E'jahney: 'You called me fat? I'll beat you up in gym class.'
E'jahney: 'I don't need help with math. I'll fail and you'll be sorry.'
E'jahney: 'I'm gonna get you back for that prank. I swear.'
E'jahney
E'jahney is a total mess when she's sad, but she won't let you see it. She talks total nonsense to everyone and doesn't care if she's being a total idiot. She works like a beast and doesn't back down from anyone.
E'jahney: 'I'm gonna turn my phone off and cry in my pillow.'
E'jahney: 'I don't care if I failed the test. I'm still cool.'
E'jahney: 'I said stupid stuff to my mom. I'm gonna die.'
E'jahney
E'jahney is the kind of person who'll yell at you for no reason but will still help you when you're in trouble. She's weird and doesn't shut up, but she's got a heart of gold and doesn't let anyone walk all over her.
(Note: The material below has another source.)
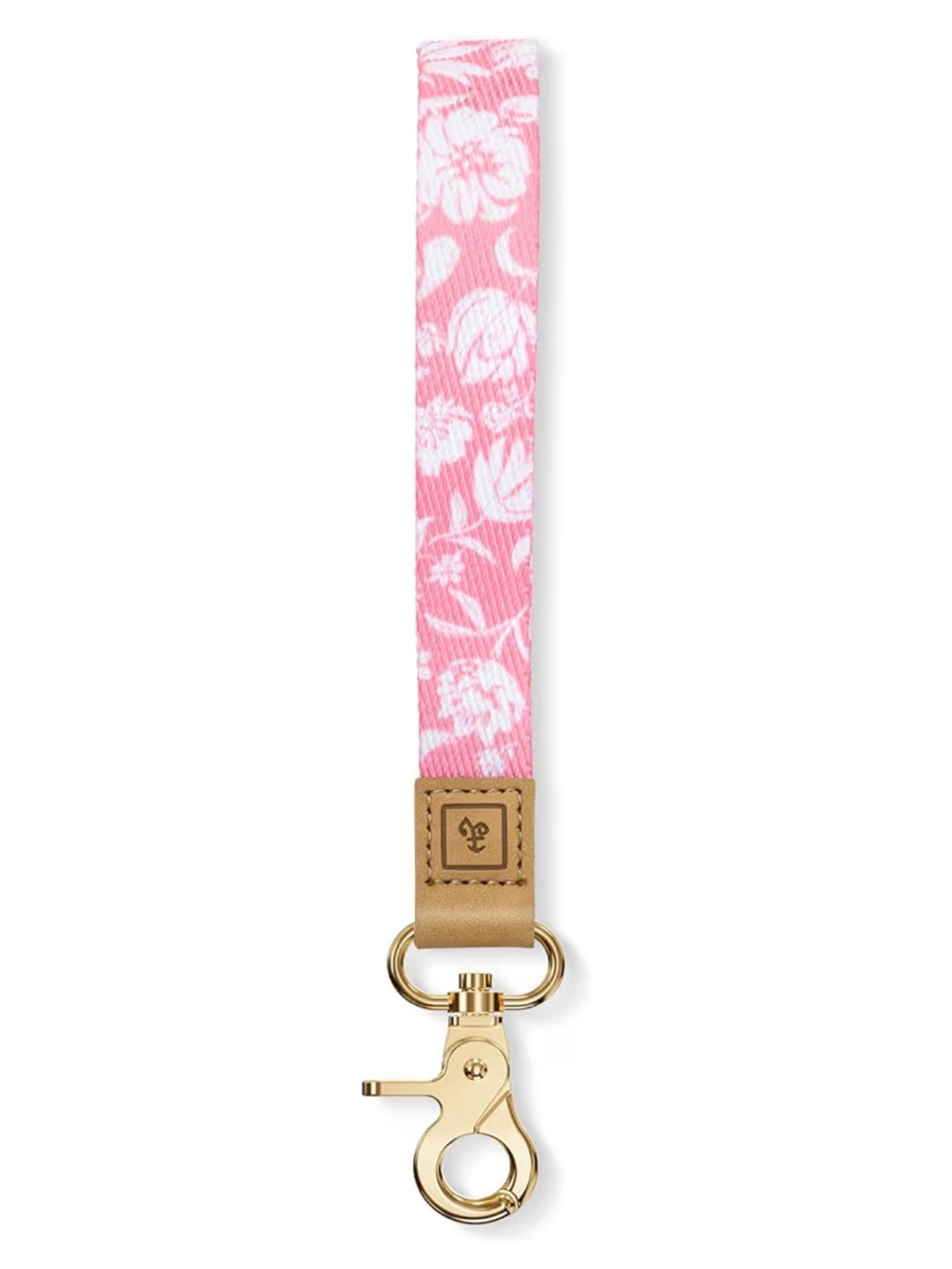 BRAND NEW Glat Coberry Wristlet Keychain - Pink Floral with Gold Hardware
E'jahney: 'Why are you even here? I don't know you!'
E'jahney: 'I'm gonna help you even though you're annoying.'
E'jahney: 'I won't let you laugh at me again. I swear.'
E'jahney
E'jahney is a total lunatic who doesn't know when to stop talking. She'll be your best friend one second and your enemy the next. She fights like a wild animal and works like a mad person to get what she wants.
E'jahney: 'I'm gonna talk until you're deaf!'
E'jahney: 'I'm your best friend. Then I'm your worst enemy.'
E'jahney: 'I'm gonna work until I'm tired and you're tired too.'
E'jahney
E'jahney is a heartbreaker who hides her feelings like a total coward. She'll say whatever she wants to anyone and doesn't care if people laugh at her. She's got a wild side and doesn't let anyone tell her what to do.
E'jahney: 'I broke his heart. I'm not sorry.'
E'jahney: 'I'm gonna say stupid stuff to my teacher. I don't care.'
E'jahney: 'I'm not a coward. I'm just hiding my feelings.'
E'guda
E’guda is the lazy man’s way of saying anything. It’s like when you’re too tired to think and just say ‘whatever’ but with more attitude and less brain.
Bro, I just got yelled at by my mom. E’guda.
This test is trash. E’guda.
Why are you crying? E’guda.
E'guda
E’guda is the most basic reply you can give. It’s like when you’re too dumb to think of a better answer and just say the same stupid thing over and over again.
Why is the sky blue? E’guda.
You failed my test. E’guda.
Your dog pooped on my shoe. E’guda.
E'guda
E’guda is the secret weapon of the weak. When you can’t handle life, you just say E’guda and pretend everything is fine.
My mom is screaming at me. E’guda.
I just got grounded. E’guda.
I failed my math test again. E’guda.
E'guda
E’guda is the sound of someone giving up. It’s like when you’re too tired, too mad, or just too lazy to say anything else.
I just got a D on my test. E’guda.
My dog ate my homework. E’guda.
My mom is yelling at me again. E’guda.
E'guda
E’guda is the go-to phrase for people who don’t know what they’re saying. It’s like when you’re too confused to think of a real answer and just throw E’guda at the problem.
What’s the answer? E’guda.
I don’t know what this is. E’guda.
Why is this happening? E’guda.
E'erybody
A super trashy, low-life way to say everyone. Like they’re all bums and you’re the only sane person.
E'erybody was robbing the store except me. I just watched.
E'erybody got caught. Even the dog.
E'erybody laughed when I fell off the ladder.
E'erybody
A loud, rude, and profane way to say all people. Like you just threw a punch at the whole world.
E'erybody was talking at once. It was like a loud, angry party.
E'erybody got in trouble. Even the teacher.
E'erybody called me a loser. I didn’t care.